I. INTRODUCTION Systems-on-chip (SoCs) are widespread nowadays, covering a wide spectrum of electronics, e.g. in cell phones, tablets, and cars. This variety of applications means that SoCs' complexity is increasing and will keep increasing in the next generations [1] . The ITRS System Integration group predicts, for a single SoC architecture, an increase in application processors from 9 elements in 2017 to 18 in 2020 and 36 in 2025 and in graphics processing units from 19 elements in 2017 to 58 in 2020 and 247 in 2025. Still according to [1] , "the degree of integration after 2008 keeps increasing to meet the demands of (i) higher computation performance, (ii) faster wireless connections, and (iii) richer multimedia capabilities."

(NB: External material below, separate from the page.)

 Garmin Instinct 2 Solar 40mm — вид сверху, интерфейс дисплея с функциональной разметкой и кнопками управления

However, the increase in complexity and functionality has a hidden cost: "The increasing number of heterogeneous components (RF, logic, memory, and MEMS) complicates the system design" [1] and complete verification of such systems is practically impossible [2] . Different engines exist to try to solve the verification problem at each stage of development. Simulation, emulation, FPGA prototyping, and formal verification are currently the preferred engines for hardware verification in the industry [3] . Nevertheless, so far no engine is capable of giving 100% coverage for a complex architecture.
The research field for solutions to the verification gaps is wide and strong both in the academia and in the industry and different techniques and methodologies exist [4] . For example, there are techniques to either verify an architecture in a higher level of abstraction [5] or to divide it into smaller subblocks and verify them separately. Both have advantages and disadvantages. The first technique speeds up the verification process by increasing the abstraction, but it gives meaningful results only for the functionality of the hardware, not for its low-level behavior, e.g. timing and parallelism. Therefore, it is useful only for the initial phases of development. The second technique lowers the system complexity by verifying small portions instead of the whole system at once; however, it is unable to cover the interaction between the many sub-blocks that compose the system.

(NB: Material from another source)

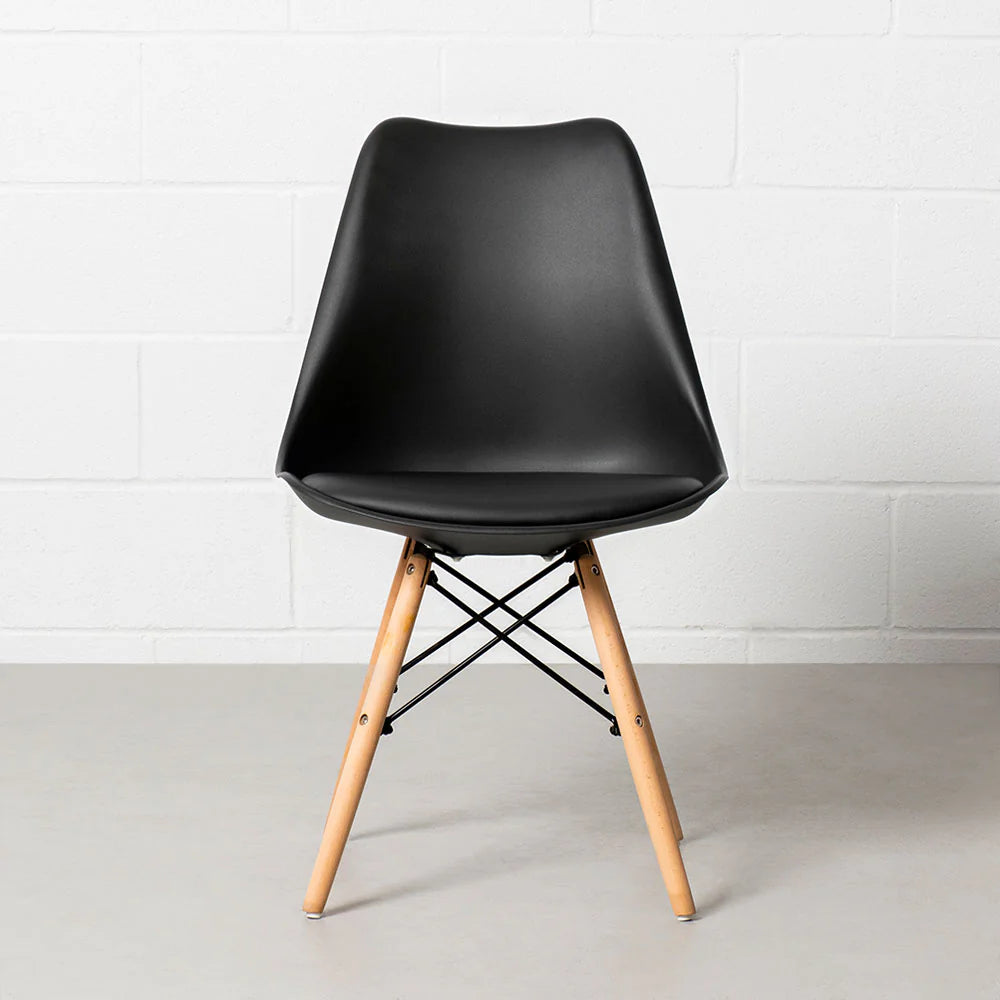 EIFFEL - Black Leather Padded Side Chair - Image 4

Even though these and many other techniques have their advantages, it is still necessary to verify the entire architecture in the later stages of development before moving to the physical implementation. It is only by stimulating the complete architecture that all its functionalities can run in parallel and highlight the corner cases that need deeper verification.

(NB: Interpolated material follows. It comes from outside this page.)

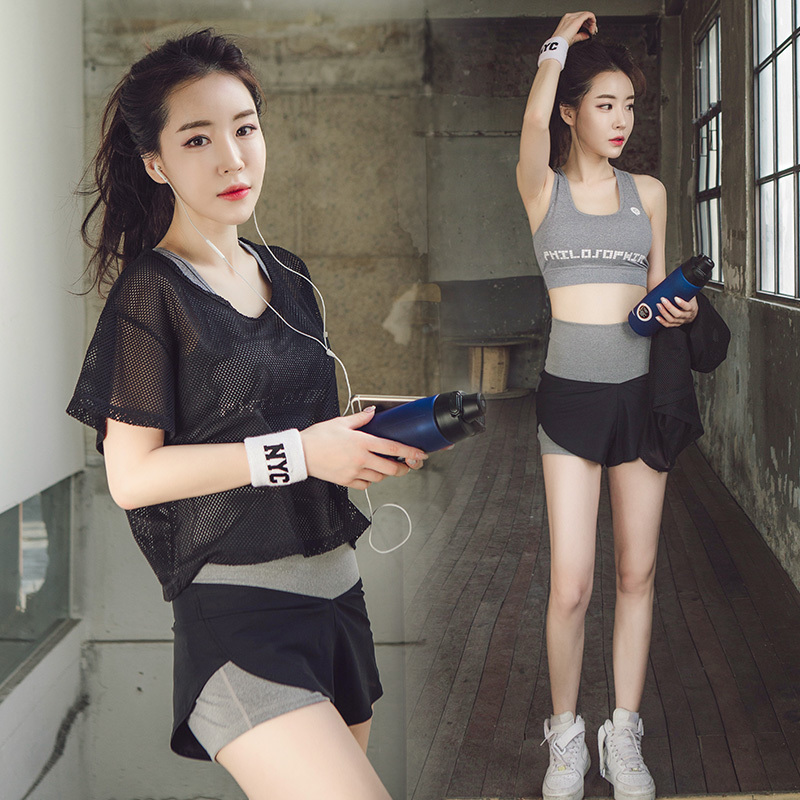 Summer thin fashion yoga suit suit female net red gym professional sports running speed drying clothes sexy loose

Coming back to the four engines used in the industry, each serves a different purpose and applies to different stages of development.
Formal verification can completely verify IPs and small subsystems, allowing for complete coverage [6] and fits well in the early stages of development. Nevertheless, it does not scale well for architectures that are more complex due to state space explosion.
Simulation and emulation stimulate an architecture with specific test vectors to generate intermediate and output values [7] and they fit best later in the development flow when the architecture is more stable and all sub-blocks are verified. Although both are scalable, they cannot cover every possible test case.
FPGA prototyping applies to mature architectures [8] to allow for at-speed testing with the embedded software, however, at the expense of reduced internal observability.
To improve the verification results for big architectures, a new trend currently becoming more popular in the industry is the synergy between verification engines [9] , where the verification team seeks to combine the advantages of each engine to the most applicable development phase. One simple but powerful example is deep dynamic formal verification [10] . Simulation directs the architecture to a specific state, and from there, formal tools try to verify a smaller set of states. This technique relies on the quality of the input vectors to drive the system to the desired deep space or corner case. However, this can be challenging and time-consuming to perform iteratively, mostly due to the need to simulate millions of cycles to reach the desired state.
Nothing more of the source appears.